Factor $x^3-x^2+2$ in $\mathbb Z_{3}[x]$

Question

Factor $x^3-x^2+2$ in $\mathbb Z_{3}[x]$ and explain why the factors are irreducible.

So the factor is supposed to be:

$x^3-x^2+2 = 2(x + 1)(2x^2 + 2x + 1)= (x + 1)(x^2 + x + 2)$.

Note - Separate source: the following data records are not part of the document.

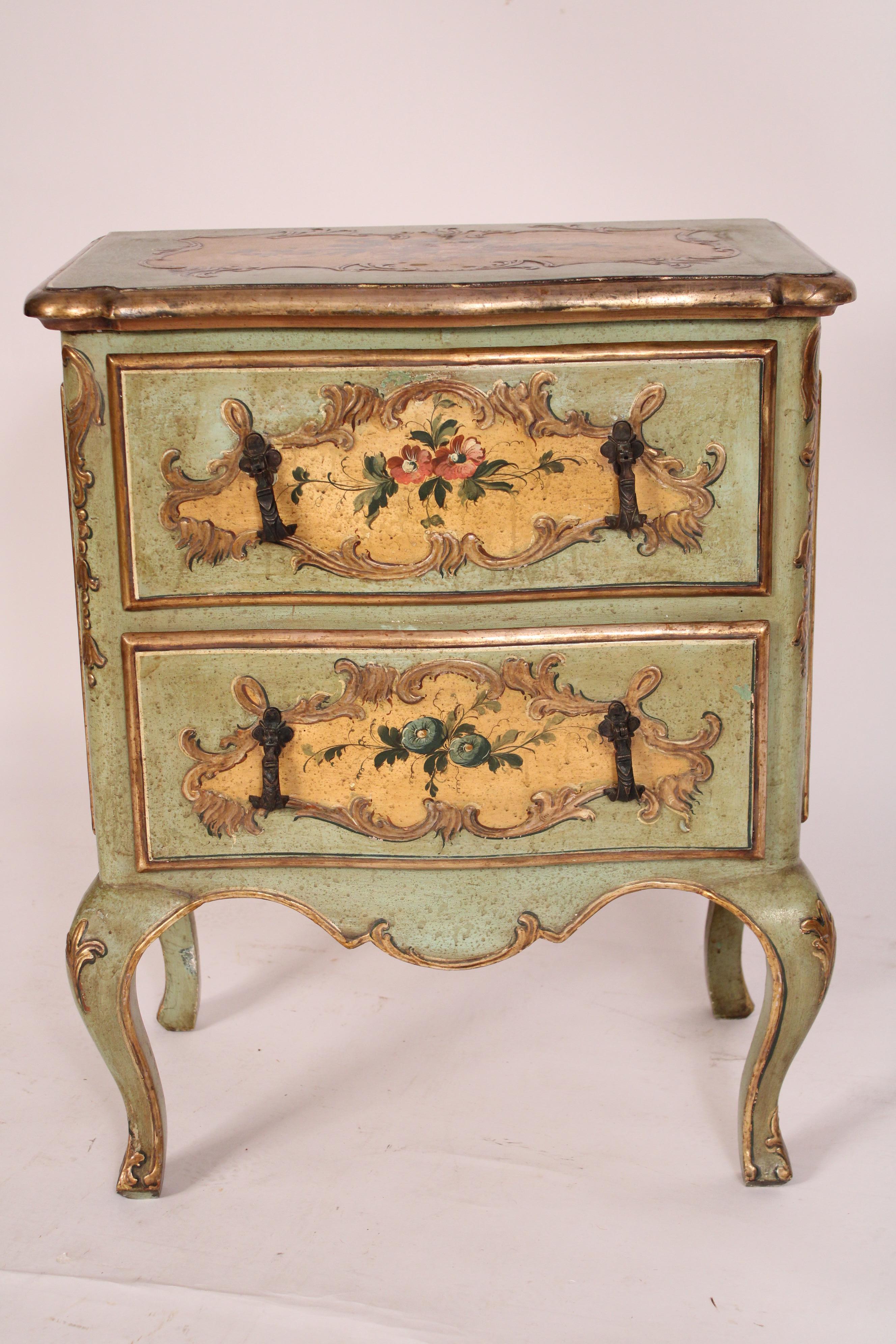 Pair of Louis XV Style Venetian Commodinis In Good Condition In Laguna Beach, CA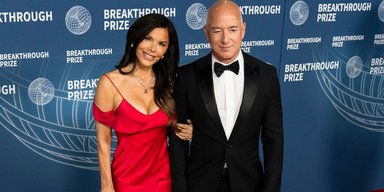 Невеста Джеффа Безоса затмила гостей премии Breakthrough Prize (фото)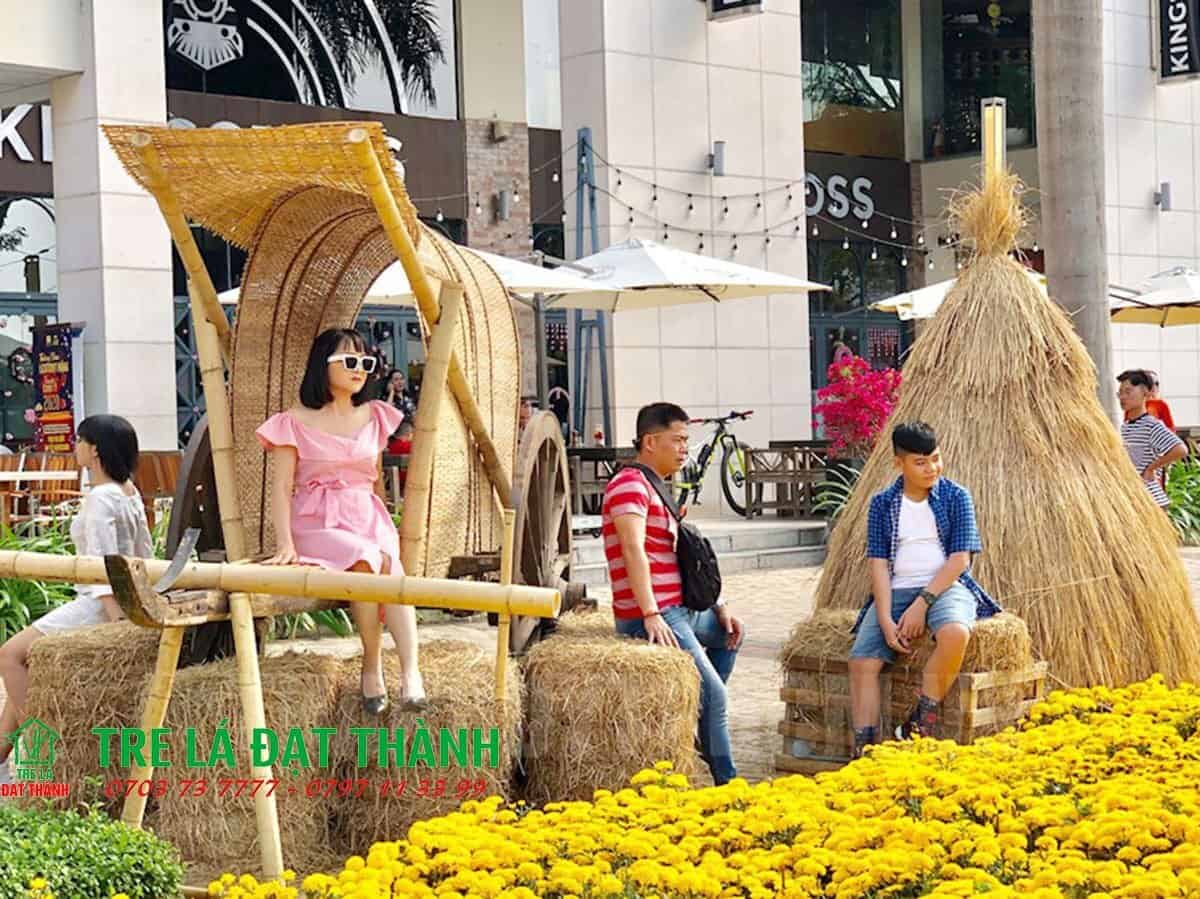 rơm cuộn trang tr&iacute; Tết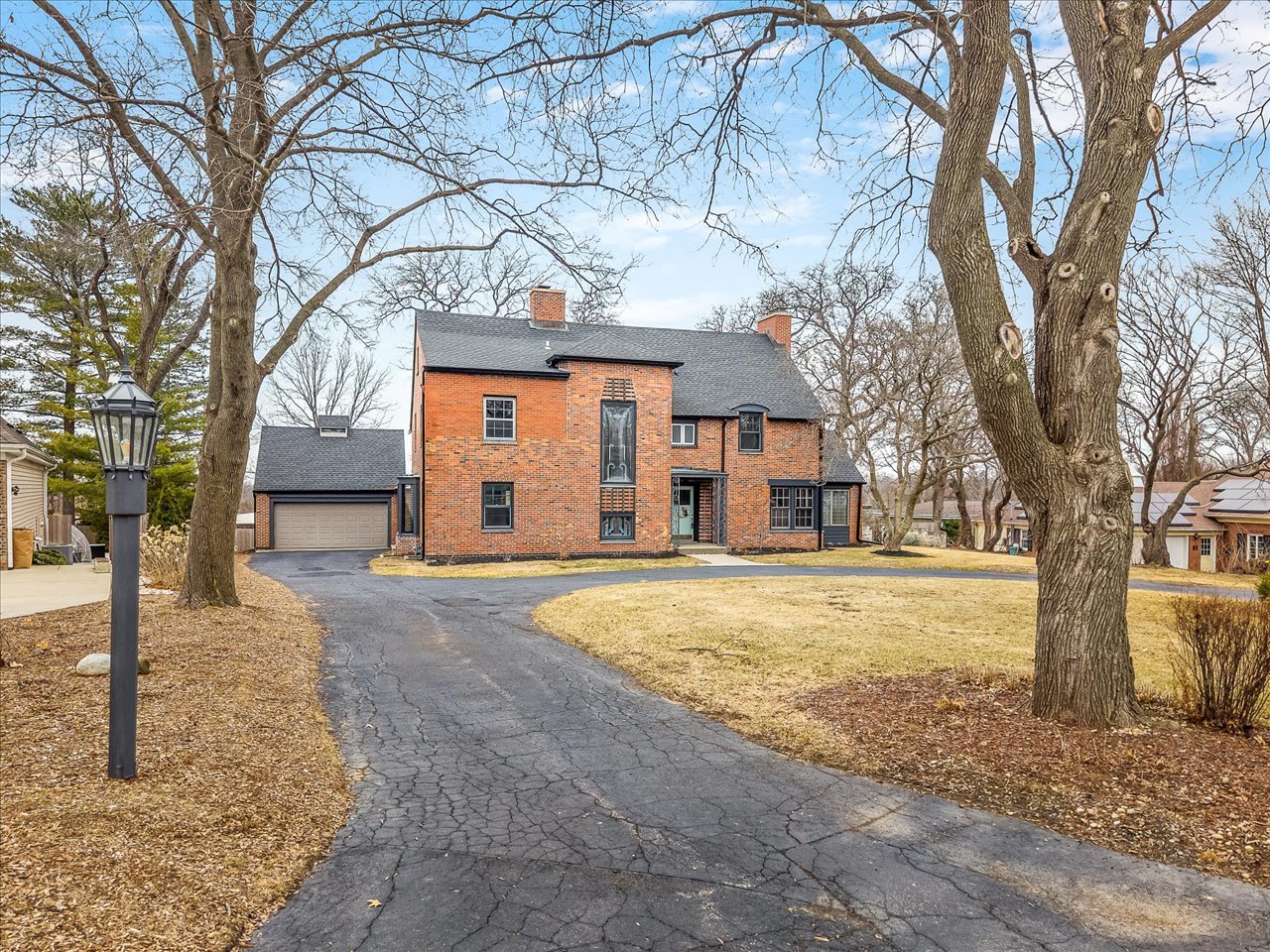 2014 Glenview Road, Rockford, IL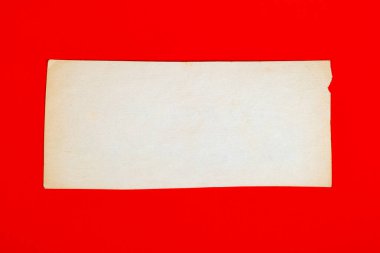 Kırmızı Arkaplanda Eski Boş Kağıt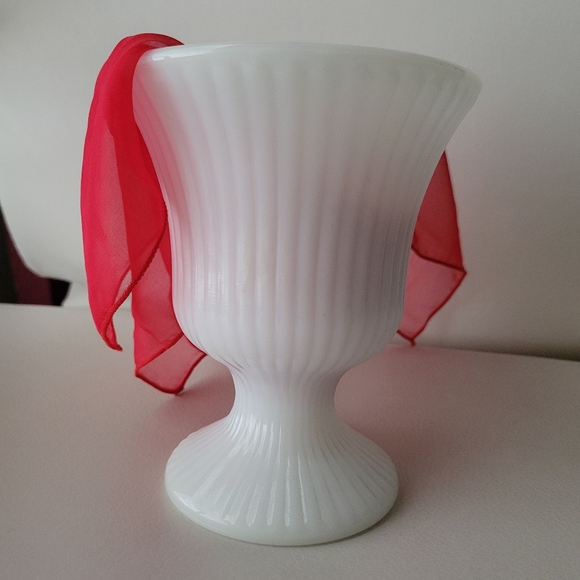 Vintage E.O. Brody Milk Glass Pedestal Vase ~ M7000 ~ Cleveland, OH ~ 1960s - Picture 6 of 14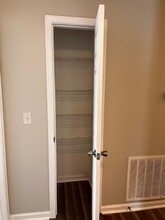 8201 Fairington Village Dr in Stonecrest, GA - Building Photo - Building Photo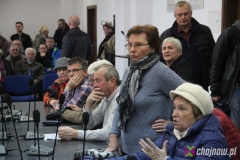 W Urzędzie Gminy trwa protest właścicieli domków letniskowych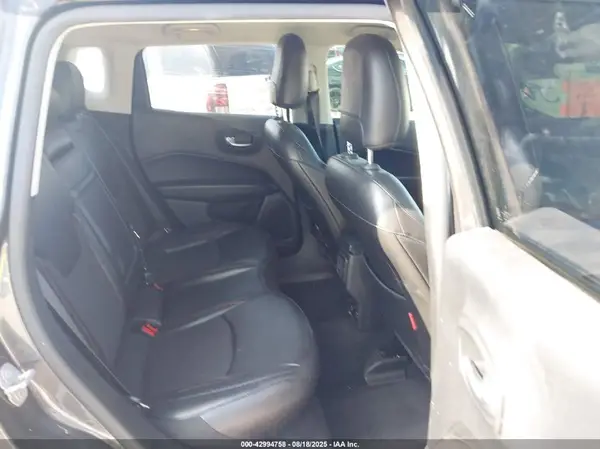 3C4NJDDB0KT748002 2019 JEEP COMPASS - Image 8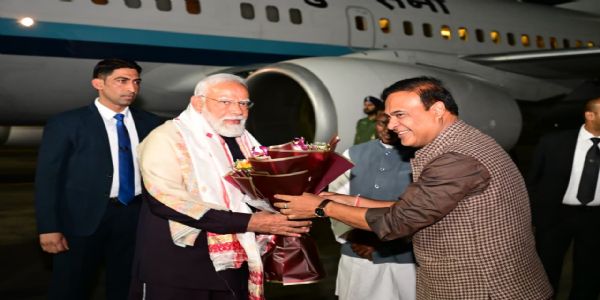 गुवाहाटी पहुंचे प्रधानमंत्री का हवाई अड्डे पर मुख्यमंत्री ने किया स्वागत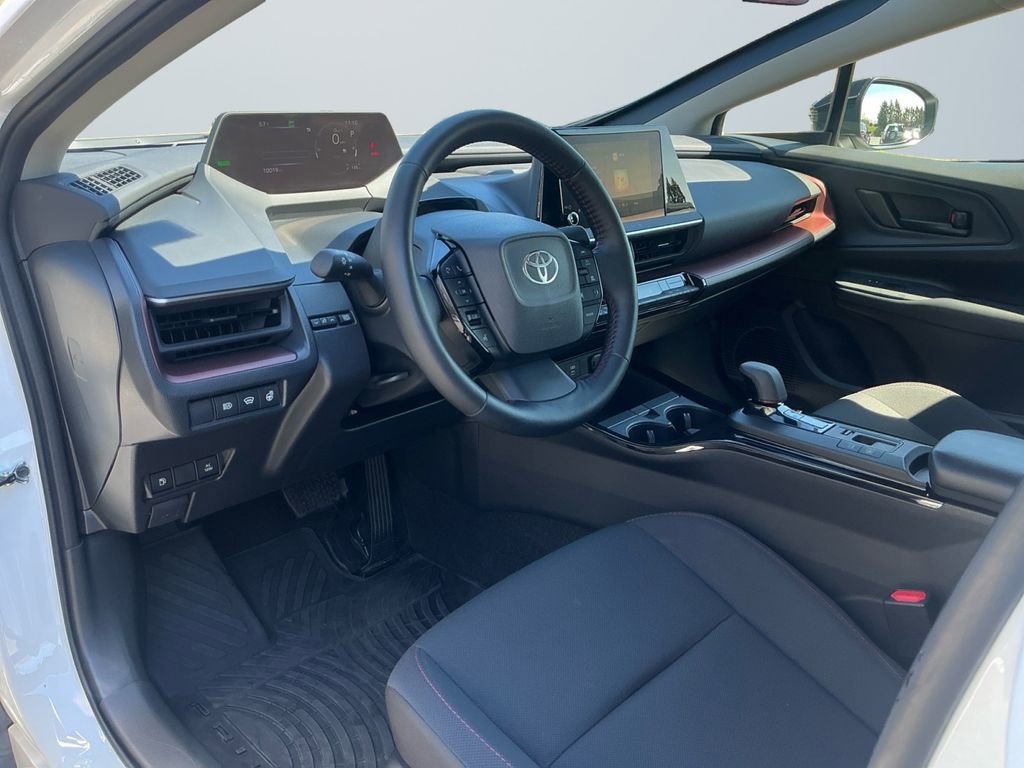 Used 2025 Toyota Prius Plug-In Hybrid image 11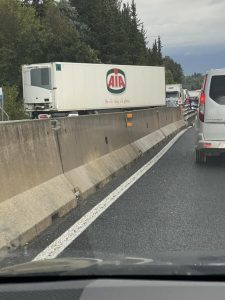 Camion intraversato in superstrada: viabilità bloccata in FiPiLi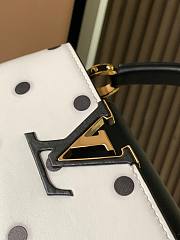 Louis Vuitton LV Capucines BB Polkadots Calfskin Putih List Hitam Size 21x14x8 cm - 6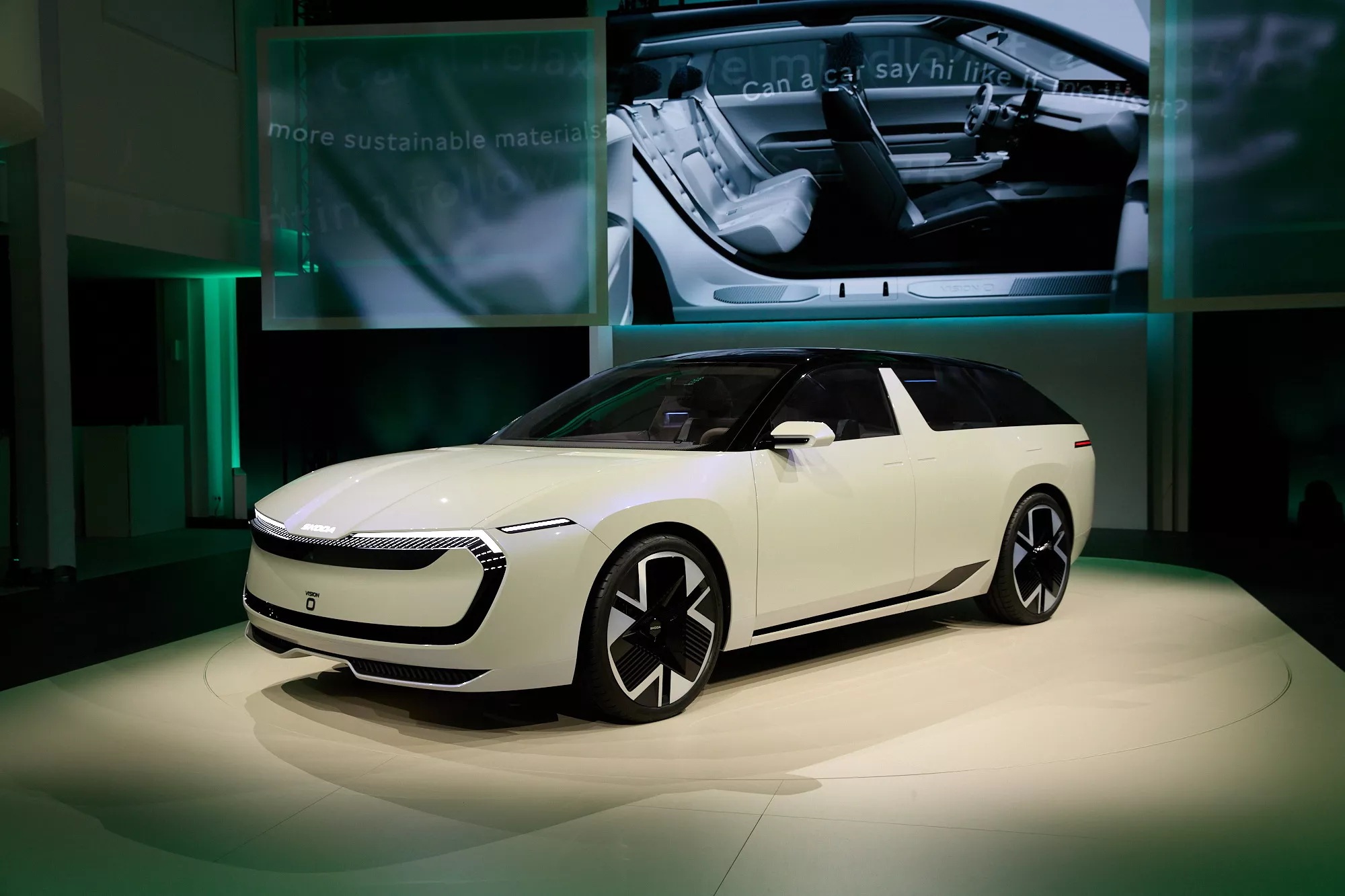 The new Mercedes GLC, the electric Skoda Octavia and the Porsche 911 Turbo S: the main premieres of the 2025 Munich auto show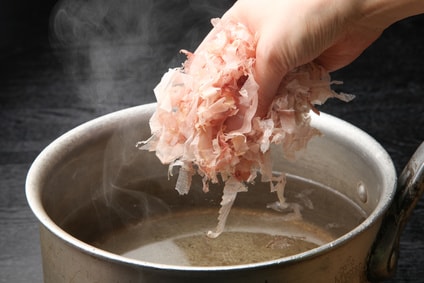 熱湯にかつお節を入れて出汁をとる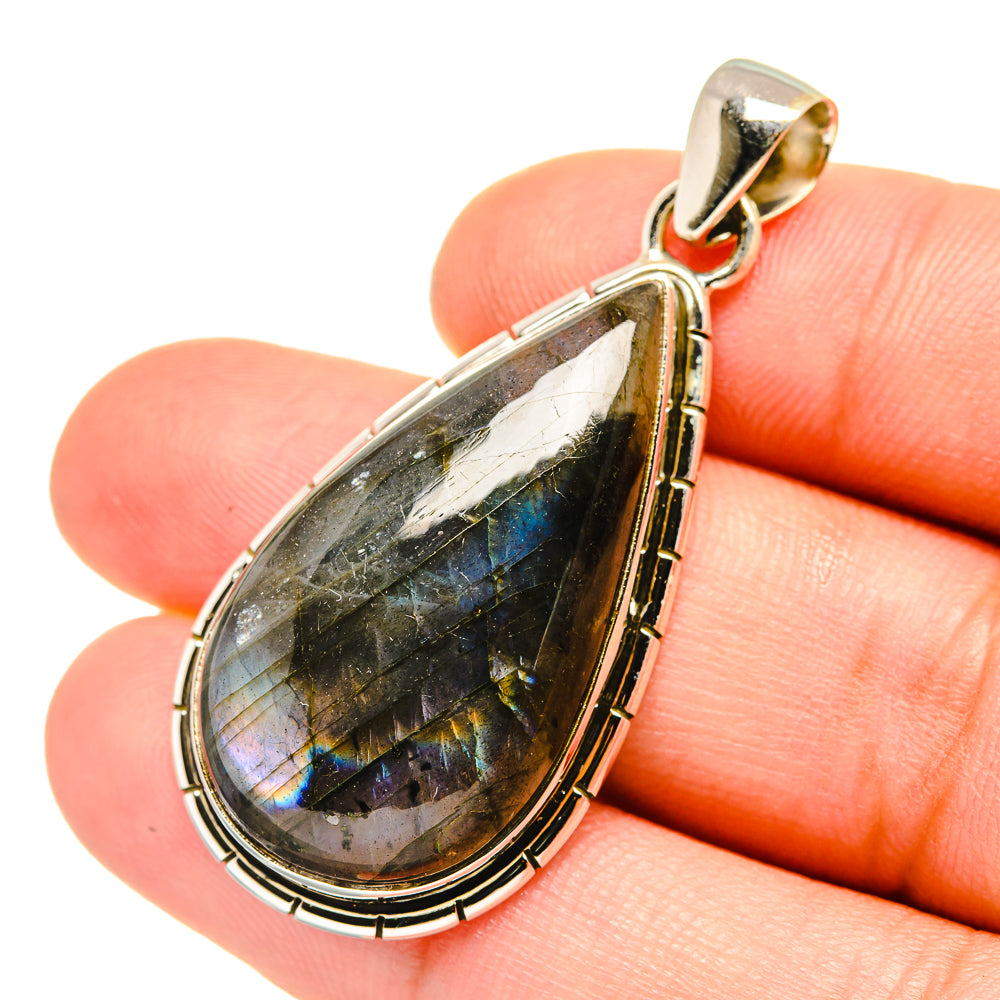 Labradorite Pendants handcrafted by Ana Silver Co - PD7298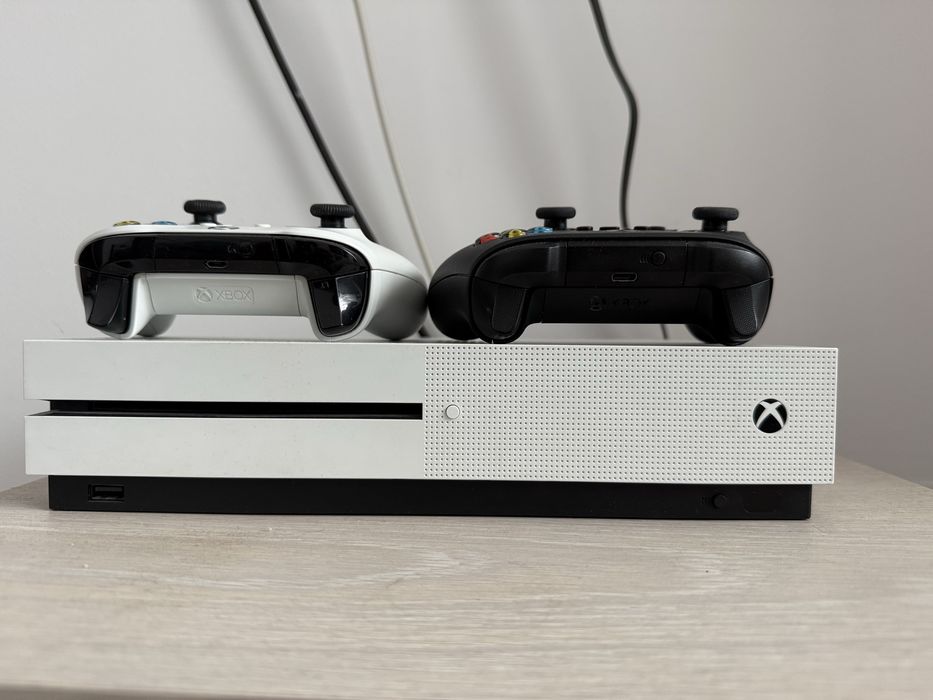 Xbox One S 500gb si controllere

But I don't really see how. What I see:

$x^3-x^2+2 \equiv x^3+2x^2+2$ in $\mathbb Z_{3}[x]$.
And I suppose it can factor to $x^2(x+2)+2$ ? I don't see where $2(x + 1)(2x^2 + 2x + 1)$ comes from.

Answer 1

Factoring means: Write your polynomial as a product of irreducible ones. $x^2(x+2) + 2$ is no factorisation. To find the linear factors of a polynomial, first find it's roots. So we plug in $0$, $1$ and $2$ into $p(x) = x^3 - x^2 + 2$, and get \begin{align*} p(0) &= 2\\ p(1) &= 2\\ p(2) &= 8 - 4 + 2 = 6 \equiv 0 \end{align*} So $2 \in \mathbb Z_3$ is a root. That means that $p$ has a factor $(X - 2) = (X+1) \in \mathbb Z_3[X]$, polynomial long division gives \[ X^3 - X^2 + 2 = (X+1) \cdot (X^2 + X + 2) \] as $q(X)= X^2 + X + 2$ has no zeros in $\mathbb Z_3$, it is (as a polynomial of degree two) irreducible and $p(X) = (X+1)\cdot (X^2 + X + 2)$ is the factorization of $p$ into irreducible factors you aimed for.

Answer 2

The polynomial has $-1$ as root. If you divide by $x+1$ you obtain the factorization.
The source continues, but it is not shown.